A third, Tibet 5100, is so named because it is bottled at a 5,100-meter-high glacial spring in the Nyenchen Tanglha range that feeds the Yarlung Tsangpo (or Brahmaputra River) – the lifeblood of northeastern India and Bangladesh.

Ominously, the Chinese bottled-water industry is sourcing its glacier water mainly from the eastern Himalayas, where accelerated melting of snow and ice fields is already raising concerns in the international scientific community.

Glaciers in the western Himalayas, by contrast, are more stable and could be growing. Even the Chinese Academy of Sciences has documented a sharp decrease in the area and mass of eastern Himalayan glaciers.

One of the world’s most bio-diverse but ecologically fragile regions, the Tibetan Plateau is now warming at more than twice the average global rate. Beyond undermining the pivotal role Tibet plays in Asian hydrology and climate, this trend endangers the Tibetan Plateau’s unique bird, mammal, amphibian, reptile, fish, and medicinal-plant species.

Nonetheless, China is not reconsidering its unbridled extraction of Tibet’s resources. On the contrary, since building railways to Tibet – the first was completed in 2006, with an extension opened in 2014 – China’s efforts have gone into overdrive.

Beyond water, Tibet is the world’s top lithium producer; home to China’s largest reserves of several metals, including copper and chromite (used in steel production); and an important source of diamonds, gold, and uranium.

In recent years, Chinese-controlled companies have launched a mining frenzy on the plateau that not only damages landscapes sacred to Tibetans, but also is eroding Tibet’s ecology further – including by polluting its precious water.

These are precisely the kinds of actions that caused China’s water crisis in the first place. Instead of learning the lessons of its past mistakes, China is compounding them, forcing a growing number of people and ecosystems to pay the price for its imprudent approach to economic growth.

Indeed, China has implemented no effective safeguards against adverse impacts from intensive water mining.

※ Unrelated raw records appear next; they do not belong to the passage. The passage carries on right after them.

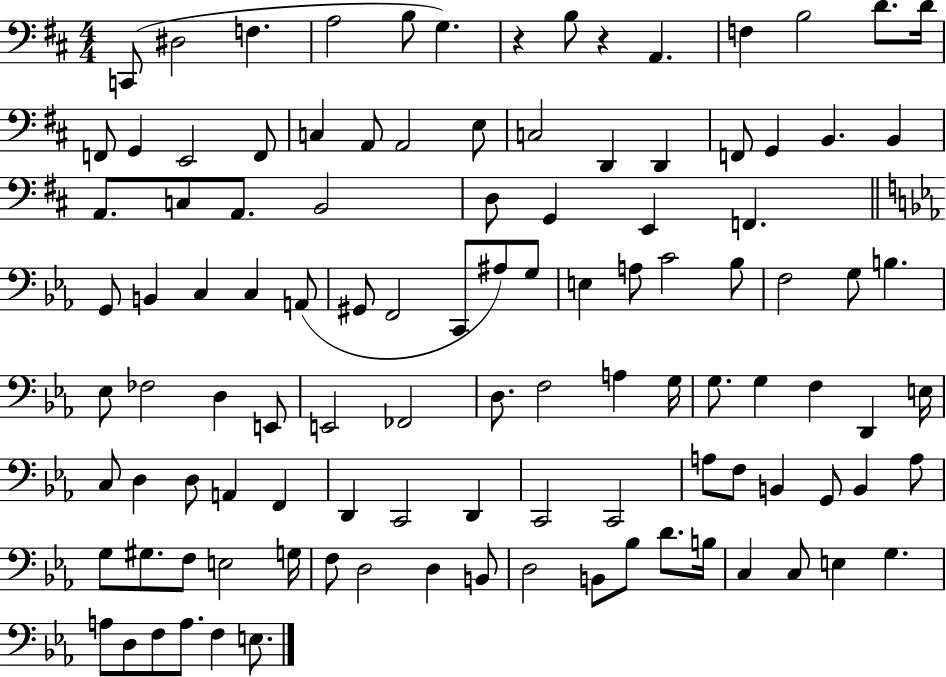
C2/e D#3/h F3/q. A3/h B3/e G3/q. R/q B3/e R/q A2/q. F3/q B3/h D4/e. D4/s F2/e G2/q E2/h F2/e C3/q A2/e A2/h E3/e C3/h D2/q D2/q F2/e G2/q B2/q. B2/q A2/e. C3/e A2/e. B2/h D3/e G2/q E2/q F2/q. G2/e B2/q C3/q C3/q A2/e G#2/e F2/h C2/e A#3/e G3/e E3/q A3/e C4/h Bb3/e F3/h G3/e B3/q. Eb3/e FES3/h D3/q E2/e E2/h FES2/h D3/e. F3/h A3/q G3/s G3/e. G3/q F3/q D2/q E3/s C3/e D3/q D3/e A2/q F2/q D2/q C2/h D2/q C2/h C2/h A3/e F3/e B2/q G2/e B2/q A3/e G3/e G#3/e. F3/e E3/h G3/s F3/e D3/h D3/q B2/e D3/h B2/e Bb3/e D4/e. B3/s C3/q C3/e E3/q G3/q. A3/e D3/e F3/e A3/e. F3/q E3/e.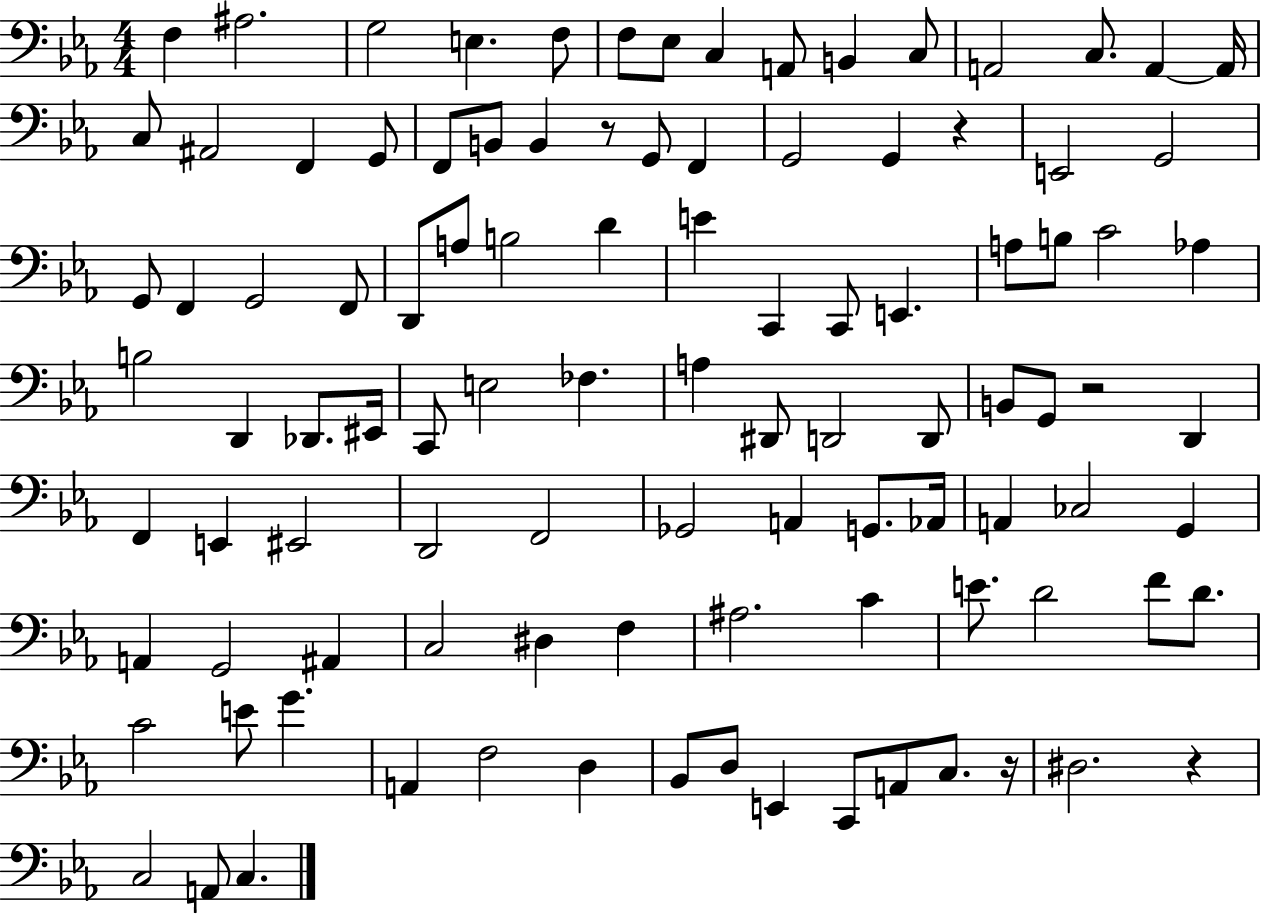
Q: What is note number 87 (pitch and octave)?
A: F3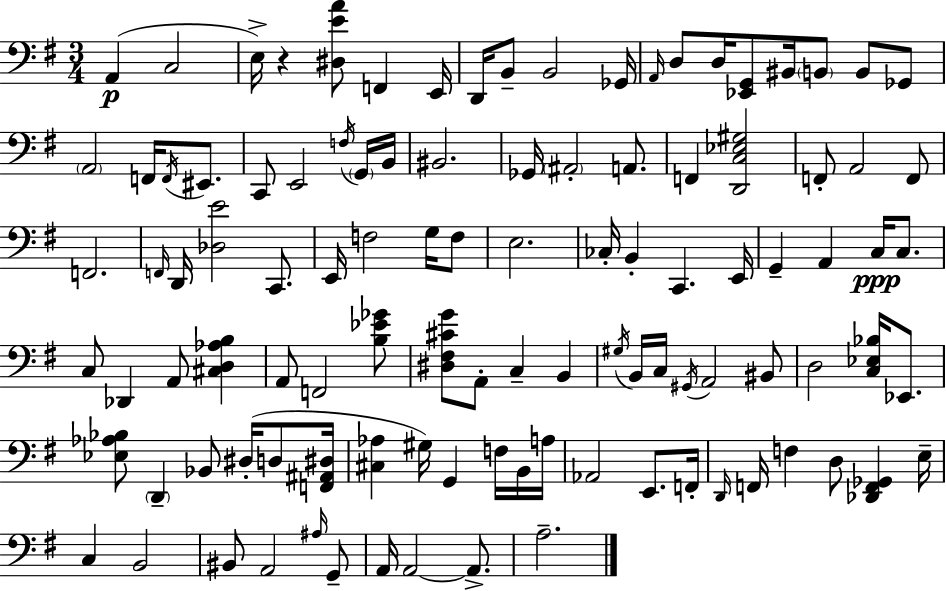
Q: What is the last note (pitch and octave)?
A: A3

Bottled water is being sourced even from protected reserves where glaciers are already in retreat. Meanwhile, the glacier-siphoning boom is attracting highly polluting ancillary industries, including manufacturers of plastic water bottles.

Make no mistake: Glacier-water mining has major environmental costs in terms of biodiversity loss, impairment of some ecosystem services due to insufficient runoff water, and potential depletion or degradation of glacial springs.

Moreover, the process of sourcing, processing, bottling, and transporting glacial water from the Himalayas to Chinese cities thousands of miles away has a very large carbon footprint.

Bottling glacier water is not the right way to quench China’s thirst. A better alternative, both environmentally and economically, would be to boost investment in treatment facilities to make tap water safe in cities.

Unfortunately, China seems determined to remain on its current course – an approach that could do irreparable and severe damage to Asia’s environment, economy, and political stability.